SACRAMENTO — It’s about time that members of Congress and the California Legislature got really serious about combating the nation’s pollution problem. Just as Jonathan Swift had a “modest proposal” to keep poor Irish children from being a burden to their families and their country (by selling them to wealthy English people as food), I, too, have a modest proposal for dealing with the unconscionable level of pollutants that are emitted in the U.S. to produce electricity. Let’s propose a plan to shut down the nation’s power plants.

The facts are unmistakable: An environmental group in 2009 reported that the “nation’s power plants emitted 2.56 billion tons of global warming pollution … which is equivalent to the pollution from nearly 450 million of today’s cars — nearly three times the number of cars registered in the United States in 2007.” Even cleaner natural-gas fired plants, which have become more prevalent in ensuing years, “release 21 — 120 times more methane than earlier estimates,” according to a summary of a Purdue University/Environmental Defense Fund report from last year.

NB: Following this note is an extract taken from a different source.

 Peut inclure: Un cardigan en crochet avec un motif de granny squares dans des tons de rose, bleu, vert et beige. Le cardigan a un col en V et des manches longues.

Do you care about clear air, the health of our children and the future of the planet? Of course you do. So there’s little reason to complain about this idea. Before you chalk it up to one columnist’s silliness, consider that some California policy makers are proposing something equally “modest” and ludicrous. Yet they seem totally serious about it.

Assemblyman Phil Ting, D-San Francisco, and some other Assembly members have introduced legislation that would ban the registration of passenger vehicles that are not “zero emissions.” Assembly Bill 1745 would, beginning in 2040, prohibit the California Department of Motor Vehicles “from accepting an application for original registration of a motor vehicle unless the vehicle is a zero emissions vehicle.”

Likewise, California Air Resources Board chairwoman Mary Nichols told Bloomberg in an interview that Gov. Jerry Brown “has expressed an interest in barring the sale of vehicles powered by internal-combustion engines.” The governor reportedly wondered why China is able to do this and lawmakers haven’t considered it in California. So now California’s Legislature is indeed considering something that would, according to the article, “send shockwaves through the global car industry due to the heft of California’s auto market.”

Shockwaves for such a modest proposal? It’s not as if the underlying concept — banning stuff that our political leaders don’t like — is anything new. As a colleague noted, perhaps California lawmakers ought to simply ban the production and sale of meat-based products, also, given the ill effects of slaughterhouses on the environment, our diets, and on the quality of life of the animals that end up on our dinner tables. We’ve got to think out of the box.

The bill would exempt large commercial vehicles and cars brought to California from other states. Perhaps legislators aren’t thinking big enough. Sure, this column has a mocking tone and hasn’t dealt with the actual arguments in favor of a ban on gasoline- and diesel-powered vehicles, but there really aren’t any serious arguments for doing this. The apparent goal is to reduce pollution, but the real goal may be about making a moral statement and grabbing headlines.

Journalist H.L. Mencken wrote that politics is about keeping people alarmed “with an endless series of hobgoblins, all of them imaginary.” That’s a bit overstated, sure. Pollution remains a serious problem, but it’s best handled through market advancements, not by allowing politicians to scare us into embracing fake “solutions.”

It’s reality time. California is not going to get rid of polluting vehicles — or power plants, for that matter — by banning them. It would mostly harm the poor, who cannot afford the pricey new electric vehicles. But maybe they can consider selling their children to help afford the latest Tesla. EVs are great advancements, but even though they have no tailpipe, they will increase our reliance on power plants. Hence, the importance of my modest proposal to go along with the one pitched by legislators and Brown.

But there I go foolishly giving these proposals more serious analysis than they deserve. There’s an old libertarian maxim about political crises and solutions. To be really effective at what Mencken describes above, a politician needs to propose something that isn’t imminent, but could possibly take place a couple of decades into the future. It has to be far enough away that it won’t affect anyone’s lives, but close enough to justify “doing something.”

The proposed ban fits that perfectly. The automotive industry is advancing so rapidly that it’s impossible to predict what it will look like in 22 years. By the time a law would go into effect, few of us might even drive cars. We might be leasing autonomous vehicles. The bill is hubris. So if we’re going to posture, we should do it right — and pass bans on power plants, slaughterhouses and any other bad thing we can think of, also.